» **Exercise description**
Using the entries that follow, collect the lines where the word "Nature" appears.
=== Data ===
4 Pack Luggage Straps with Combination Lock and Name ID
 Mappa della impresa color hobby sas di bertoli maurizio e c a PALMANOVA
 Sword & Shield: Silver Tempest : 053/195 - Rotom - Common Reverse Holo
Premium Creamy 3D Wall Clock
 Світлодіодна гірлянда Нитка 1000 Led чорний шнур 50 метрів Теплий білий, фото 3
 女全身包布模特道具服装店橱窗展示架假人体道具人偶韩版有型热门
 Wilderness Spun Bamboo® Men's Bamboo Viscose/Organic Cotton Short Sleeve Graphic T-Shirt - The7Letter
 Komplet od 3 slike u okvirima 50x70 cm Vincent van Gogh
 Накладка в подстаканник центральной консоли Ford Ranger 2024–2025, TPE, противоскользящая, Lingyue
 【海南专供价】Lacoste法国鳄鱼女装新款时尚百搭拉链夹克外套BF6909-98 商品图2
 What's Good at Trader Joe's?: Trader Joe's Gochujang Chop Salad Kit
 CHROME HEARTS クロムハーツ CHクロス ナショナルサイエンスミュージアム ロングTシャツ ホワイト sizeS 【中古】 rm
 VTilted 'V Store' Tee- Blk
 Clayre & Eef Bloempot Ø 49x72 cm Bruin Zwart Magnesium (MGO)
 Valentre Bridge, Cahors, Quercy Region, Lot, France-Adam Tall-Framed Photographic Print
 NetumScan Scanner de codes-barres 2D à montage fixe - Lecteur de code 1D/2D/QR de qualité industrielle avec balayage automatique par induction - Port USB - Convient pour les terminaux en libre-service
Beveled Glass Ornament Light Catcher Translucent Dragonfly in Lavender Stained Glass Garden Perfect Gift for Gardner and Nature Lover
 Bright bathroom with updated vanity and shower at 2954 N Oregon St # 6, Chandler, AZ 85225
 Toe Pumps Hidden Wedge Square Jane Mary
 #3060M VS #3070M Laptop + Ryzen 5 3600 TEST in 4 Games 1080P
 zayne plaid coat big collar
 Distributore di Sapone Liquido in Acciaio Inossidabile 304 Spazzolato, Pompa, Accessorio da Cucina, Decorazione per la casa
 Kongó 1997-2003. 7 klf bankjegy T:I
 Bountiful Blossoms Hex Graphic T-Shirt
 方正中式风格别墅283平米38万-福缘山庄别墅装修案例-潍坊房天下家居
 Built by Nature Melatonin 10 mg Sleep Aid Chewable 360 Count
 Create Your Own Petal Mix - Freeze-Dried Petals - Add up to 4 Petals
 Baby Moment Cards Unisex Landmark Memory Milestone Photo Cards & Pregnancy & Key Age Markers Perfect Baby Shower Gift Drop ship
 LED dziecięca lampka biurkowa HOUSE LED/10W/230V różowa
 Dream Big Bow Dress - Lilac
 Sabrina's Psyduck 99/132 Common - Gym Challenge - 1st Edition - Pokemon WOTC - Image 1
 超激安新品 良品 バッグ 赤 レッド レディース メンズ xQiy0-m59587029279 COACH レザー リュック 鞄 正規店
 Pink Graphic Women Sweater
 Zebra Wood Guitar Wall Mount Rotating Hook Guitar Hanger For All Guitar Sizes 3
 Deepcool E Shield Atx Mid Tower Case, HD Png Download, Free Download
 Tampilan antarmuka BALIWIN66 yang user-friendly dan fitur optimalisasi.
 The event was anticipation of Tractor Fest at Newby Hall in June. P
===
» **Answer area**
Beveled Glass Ornament Light Catcher Translucent Dragonfly in Lavender Stained Glass Garden Perfect Gift for Gardner and Nature Lover
 Built by Nature Melatonin 10 mg Sleep Aid Chewable 360 Count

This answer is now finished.